All traffic to bupkis.app uses TLS 1.3 with modern cipher suites · enforced by Vercel's edge. Data at rest in Supabase Postgres is encrypted with AES-256 (Supabase default). Stripe handles all payment-method storage · we never see raw card numbers. Secrets (LLM provider API keys, webhook secrets) are stored in Vercel encrypted environment variables.
User authentication via Supabase Auth · magic link or OAuth provider. API access via Bearer tokens (bk_live_...) scoped to a workspace · revocable from the keys page. Cookie-auth routes are protected by same-origin (CSRF) checks. Admin access requires 2FA, IP allowlist, and short-lived re-auth tokens for destructive actions.
Every database query scopes by workspace_id. Workspace membership is enforced server-side · the cookie that selects the active workspace is validated against actual membership before any query runs. Forks, installs, runs, threads, and agents are all workspace-scoped · cross-workspace data leakage is structurally impossible.

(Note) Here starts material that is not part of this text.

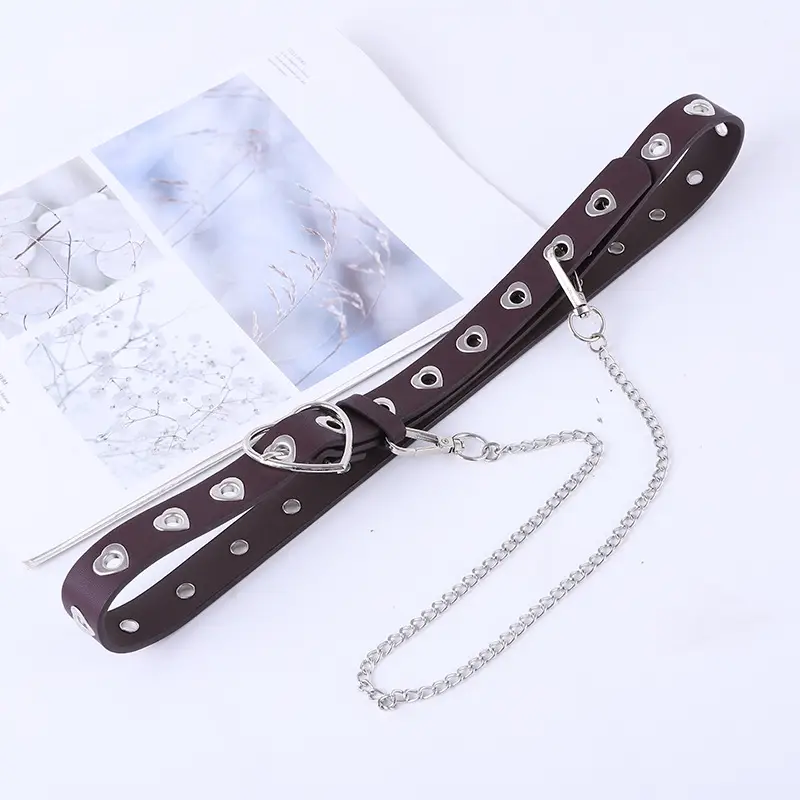 Women's Heart Buckle Belt with Chain Accessory - Image 8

Every admin action writes to a hash-chained audit log. Each row carries the SHA-256 hash of the previous row · a verifier cron runs daily and alerts our security channel if the chain breaks. Refunds, account-deletions, manual cashouts, and tier changes are all logged with the admin user id, timestamp, and IP address.
All monetary state changes (wallet credits, cashouts, refunds, cashback payouts) flow through a single ledger table with advisory locks and partial unique indexes preventing race conditions. Payouts are idempotency-keyed at Stripe · the same payout cannot fire twice. Overage billing is hard-capped per tier · accounts cannot accumulate runaway charges.
We monitor Vercel runtime logs, Stripe webhook failure rates, and database error rates. Slack alerts fire to our ops channel within minutes of any anomaly. Production incidents are triaged immediately · users impacted by an outage are emailed once root cause is identified.
We take security seriously · please report any vulnerability you find to security@bupkis.app. PGP key available on request. We acknowledge reports within 48 hours and aim to patch high-severity issues within 7 days. We don't yet run a formal bug bounty · we'll happily credit researchers and Swag-You-Up.
Bupkis is GDPR + CCPA compliant for end-user data rights · see the privacy policy for the full data-rights flow. SOC 2 Type II is in progress · we're using Drata to attestation. PCI scope is limited (we never touch raw cards · Stripe handles all PCI-DSS responsibilities).